Fake SWAT calls have become increasingly common in some Internet communities, where it is known as "swatting." In one of the most highly publicized incidents, a group of videogame players broadcasting their gaming session live were the target of a hoax call in suburban Denver, and thrown to the ground by responding officers in full view of their web cameras, broadcasting the incident over the Internet. Some who have criticized the portrayal of women in video games have been among the most common targets of swatting.

  The daughter of the victim of Saturday's hoax no longer lives in New Orleans, but studies online harassment and has spoken publicly against it. While she has communicated online with some of the victims of high-profile cases, she never has been a target of it, nor a target of the anonymous Internet groups associated with the practice.
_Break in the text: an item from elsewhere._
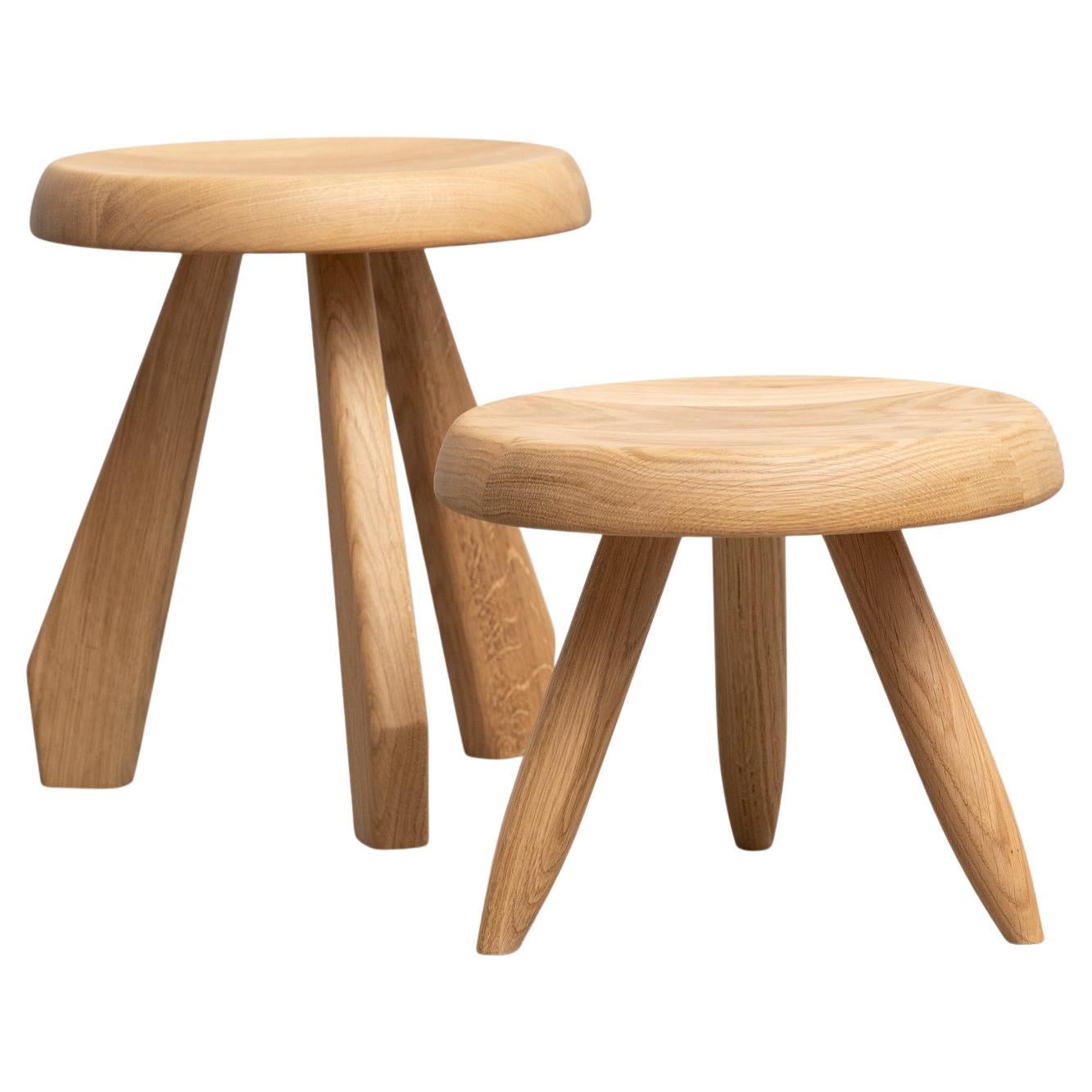 Charlotte Perriand Set di due sgabelli in legno Meribel per Cassina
  After learning of the prank at her former home in New Orleans, the victim's daughter said she scoured the Internet message boards where such incidents are usually planned, but did not find a mention of her name or address. Still, it's a clear case of swatting, and her own affiliations with the study of online harassment are too strong a connection to ignore, she said. "This is the general pattern of swatting — calling in a false, violence-based report to trick the SWAT team into being deployed," the victim's daughter said.
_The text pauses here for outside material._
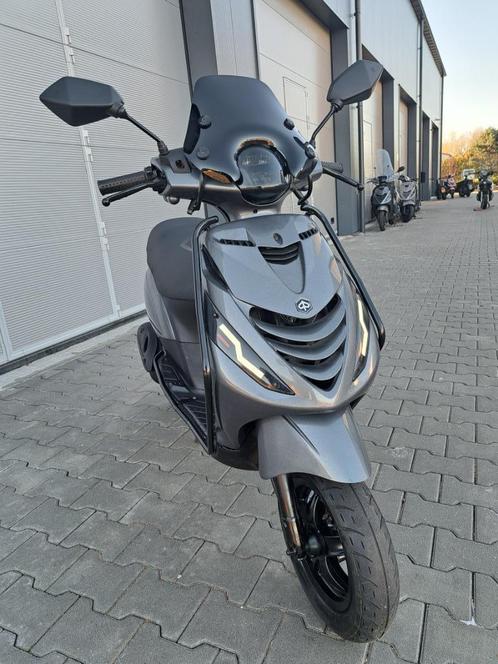 Piaggio Zip 4T Scooter Argaat Grijs LED LED (A-KLASSE), Fietsen en Brommers, Scooters | Yamaha, Zo goed als nieuw, Overige modellen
  In the most severe cases, the hoax callers have even tried to create circumstances that could lead to tragedy. Last month, a hoax caller in New Jersey told police about a hostage situation at a game store and then — after police were assembled around the location — called the store posing as an emergency responder and gave the people inside instructions that could have provoked police into using force.

  "This is a trend," the victim's daughter said. "This is a digital abuse tactic that online harassers victimize people with."

  New Orleans police have been unable to trace the number from which the Broadway Street call was made, but continue to investigate. In the short term, Norton said, there is no way to prevent similar hoaxes; police have to respond carefully and appropriately when threats are reported to them.

  "The only thing that we can do is backtrack and hopefully find out who does this and have them arrested," Norton said.

  Swatting pranks have led to jail time in other jurisdictions, such as Orange County, Calif., where a 19-year-old hacker from Washington state was sentenced to three years in prison for a similar false report. In New Jersey, State Assemblyman Paul Moriarty has introduced legislation that would increase penalties for swatting incidents above those already in place for false reports. After media reports about his proposed legislation, Moriarty himself was the target of a swatting call at his home on the same day the incident occurred in New Orleans.

  The Uptown victim's daughter said that people who believe they could be the targets of swatting should call their local police departments before anything happens, and ask the call to be documented at the house. That way, if they are the target of a hoax, the police can find that information among the location's call history, and possibly respond with the same restraint Norton's team used at her mother's address.

  Likewise, the victim said, the NOPD has the opportunity to use Saturday's incident as the basis for more training to prevent tragedy the next time such a prank occurs in the city.

  "This could make some waves and raise actual awareness, meaning that the police force will be aware and ready to react to swatting as a prank and take preventive measures," she said.